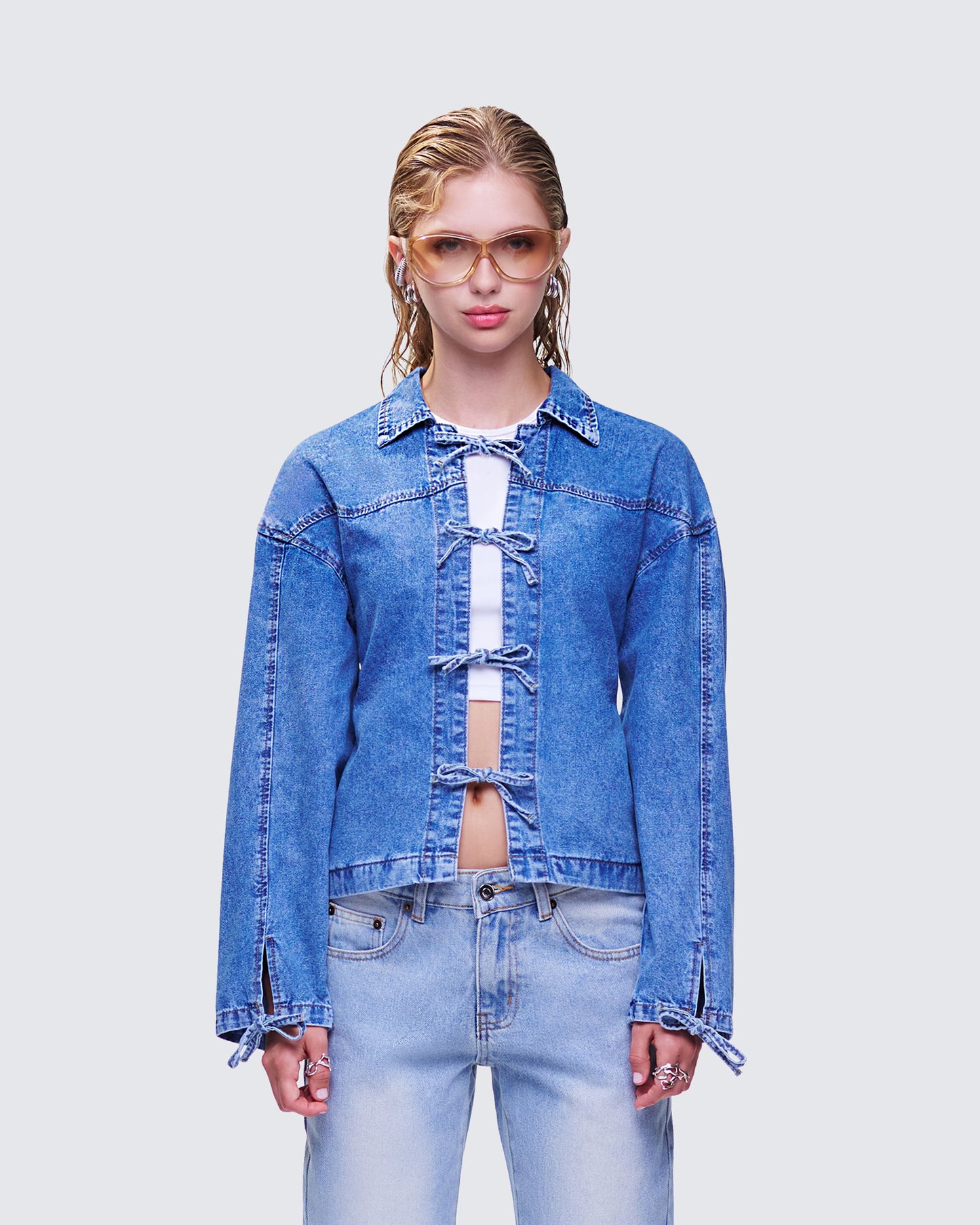 Freesia Blue Bow Tied Denim Shirt Jacket model front
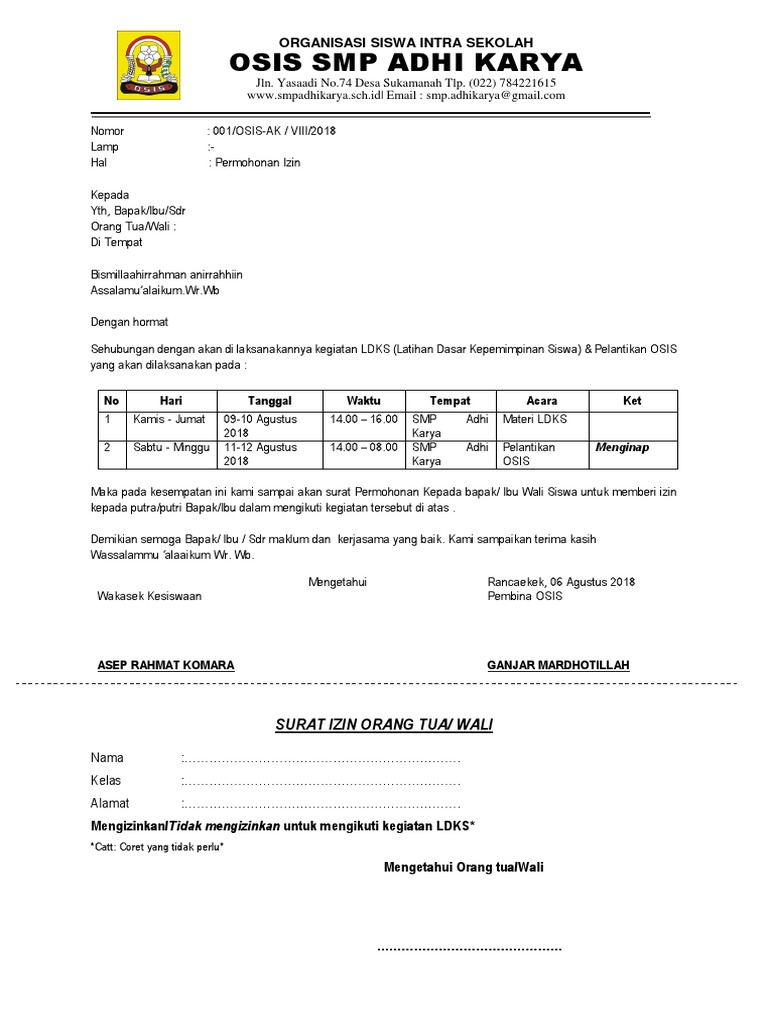 Surat Izin Orang Tua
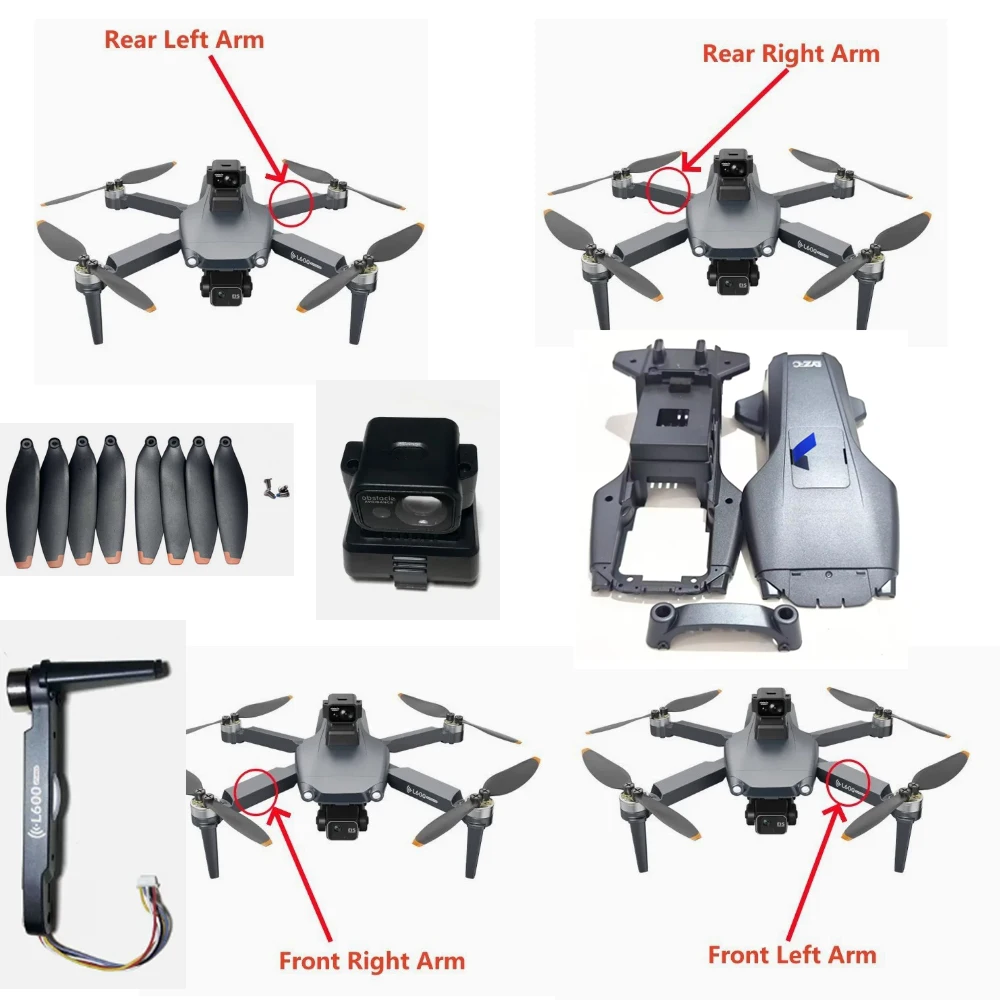Spare Part L600 Propeller Blade / Motor Arm with Engine / Laser Obstacle Avoidance for LYZRC L600 PRO / L600 PRO MAX Accessory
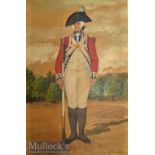 Military – Watercolours of an 18th Century Infantry Soldier with Coldstream guards shoulder belt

- Task instructions -
Only an exact copy of the lines from the one with "Surat Izin Orang Tua" through the last line of the listing should be given; pictures must not be included.

- Worked solution -
 Surat Izin Orang Tua
Spare Part L600 Propeller Blade / Motor Arm with Engine / Laser Obstacle Avoidance for LYZRC L600 PRO / L600 PRO MAX Accessory
 Military – Watercolours of an 18th Century Infantry Soldier with Coldstream guards shoulder belt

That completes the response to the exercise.